# W7 : K-Nearest Neighbours(KNN) for Classification
KNN is a non-parameteric and instance based learning algorithm unlike parameteric models like Naive Bays does't assume any distribution on the data instead it predicts based on similarity between examples.

### Problem Setup
Let the training dataset be
$$
\mathcal{D} = {(x_i, y_i)}_{i=1}^n, \quad x_i \in \mathbb{R}^m, \ y_i \in \{1, 2, \dots, K\}
$$
Our aim for given a **new example** $x_{new}$, and we want to predict its class label $\hat{y}$.


### Distance Metric

KNN uses a **distance metric** to measure similarity between the test sample $x_{new}$ and each training sample $x_i$.
The most common choice is **Euclidean distance**
$$
d(x_i, x_{new}) = \sqrt{\sum_{j=1}^m (x_{ij} - x_{new,j})^2}
$$

It computes distances between all training samples and the new example.

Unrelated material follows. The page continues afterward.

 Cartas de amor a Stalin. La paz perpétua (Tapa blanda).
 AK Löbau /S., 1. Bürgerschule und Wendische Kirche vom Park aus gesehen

### K-Nearest Neighbors(KNN)
After computing distances, we select the **k closest samples** (the nearest neighbors):

$$
\text{KNN}(x_{new}) = { i_1, i_2, \dots, i_k } \quad \text{such that} \quad d(x_{i_1}, x_{new}) \le d(x_{i_2}, x_{new}) \le \dots
$$

### Majority Voting (Classification)

For **classification**, the predicted label is the **most frequent** class among the (k) neighbors:

$$
\hat{y} = \underset{c \in \mathcal{C}}{\arg\max} \sum_{i \in \text{KNN}(x_{new})} \mathbb{I}(y_i = c)
$$

where $\mathbb{I}$ is the indicator function.


### Evaluation Metric

* **Classification:**
  Misclassification rate (accuracy complement):

$$
\text{Accuracy} = \frac{1}{n_{test}} \sum_{i=1}^{n_{test}} \mathbb{I}(\hat{y}_i = y_i)
$$

### Summary Table

| Concept                 | Formula                                                                 | Code                        |
| ----------------------- | ----------------------------------------------------------------------- | --------------------------- |
| Distance                | $d(x_i, x_{new}) = \sqrt{\sum_j (x_{ij} - x_{new,j})^2}$                | `distance_metric`           |
| K Nearest Neighbors     | $\text{KNN}(x_{new}) = { i_1, \dots, i_k}$                              | `np.argpartition()`         |
| Classification Rule     | $\hat{y} = \arg\max_c \sum_{i \in KNN} \mathbb{I}(y_i = c)$             | `stats.mode(knn)[0]`        |
| Regression Rule         | $\hat{y} = \frac{1}{k} \sum_{i \in KNN} y_i$                            | `knn.mean()`                |
| Classification Accuracy | $\text{Accuracy} = \frac{1}{n_{test}} \sum \mathbb{I}(\hat{y}_i = y_i)$ | `np.mean(y_test == y_pred)` |
| RMSE (Regression)       | $\sqrt{\frac{1}{n_{test}} \sum (\hat{y}_i - y_i)^2}$                   | `error_vector`              |


* **Choice of (k):**
  * Small (k): model becomes sensitive to noise (high variance).
  * Large (k): model becomes too smooth (high bias).

* **Normalization:** Always scale features before applying KNN, as distance is sensitive to feature scales.

* **Complexity:**
  Prediction is (O(n \times m)) per test point (can be optimized via KD-trees or Ball trees).